YOUR OBJECTIVE
The answer should hold only the lines from the one containing "Hi, I'm Kev" through the one containing "Hi everyone, my" in the entries below, copied exactly, without pictures.

SOURCE RECORDS
============================================================

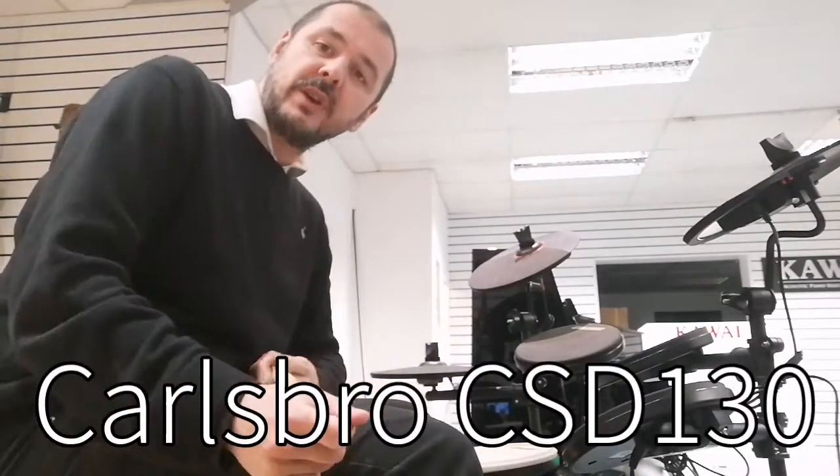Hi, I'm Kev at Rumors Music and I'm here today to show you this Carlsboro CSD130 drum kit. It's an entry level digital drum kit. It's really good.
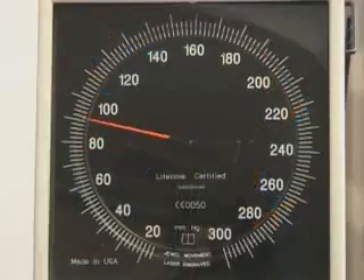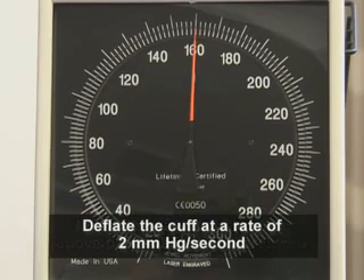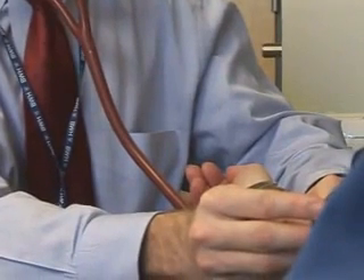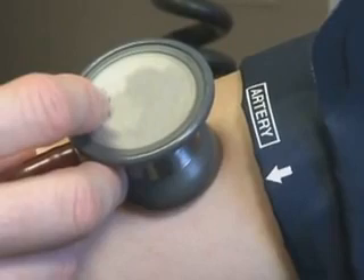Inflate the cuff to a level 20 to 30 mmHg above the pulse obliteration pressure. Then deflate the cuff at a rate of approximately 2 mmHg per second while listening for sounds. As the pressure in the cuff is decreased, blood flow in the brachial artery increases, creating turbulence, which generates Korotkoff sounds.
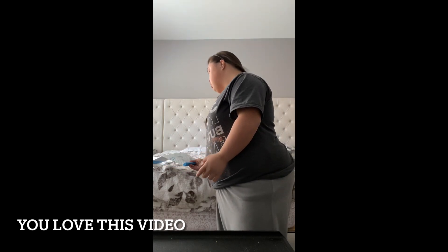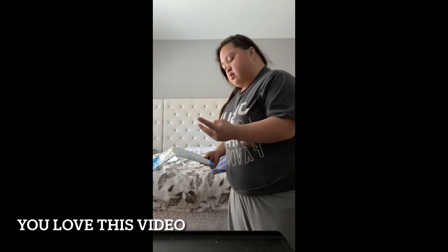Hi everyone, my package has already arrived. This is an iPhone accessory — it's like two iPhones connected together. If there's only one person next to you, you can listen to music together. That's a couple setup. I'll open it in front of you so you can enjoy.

============================================================

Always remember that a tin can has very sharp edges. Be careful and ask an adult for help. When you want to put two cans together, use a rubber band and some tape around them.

============================================================

SOLUTION FOR THIS PROBLEM
Hi, I'm Kev at Rumors Music and I'm here today to show you this Carlsboro CSD130 drum kit. It's an entry level digital drum kit. It's really good.
Inflate the cuff to a level 20 to 30 mmHg above the pulse obliteration pressure. Then deflate the cuff at a rate of approximately 2 mmHg per second while listening for sounds. As the pressure in the cuff is decreased, blood flow in the brachial artery increases, creating turbulence, which generates Korotkoff sounds.
Hi everyone, my package has already arrived. This is an iPhone accessory — it's like two iPhones connected together. If there's only one person next to you, you can listen to music together. That's a couple setup. I'll open it in front of you so you can enjoy.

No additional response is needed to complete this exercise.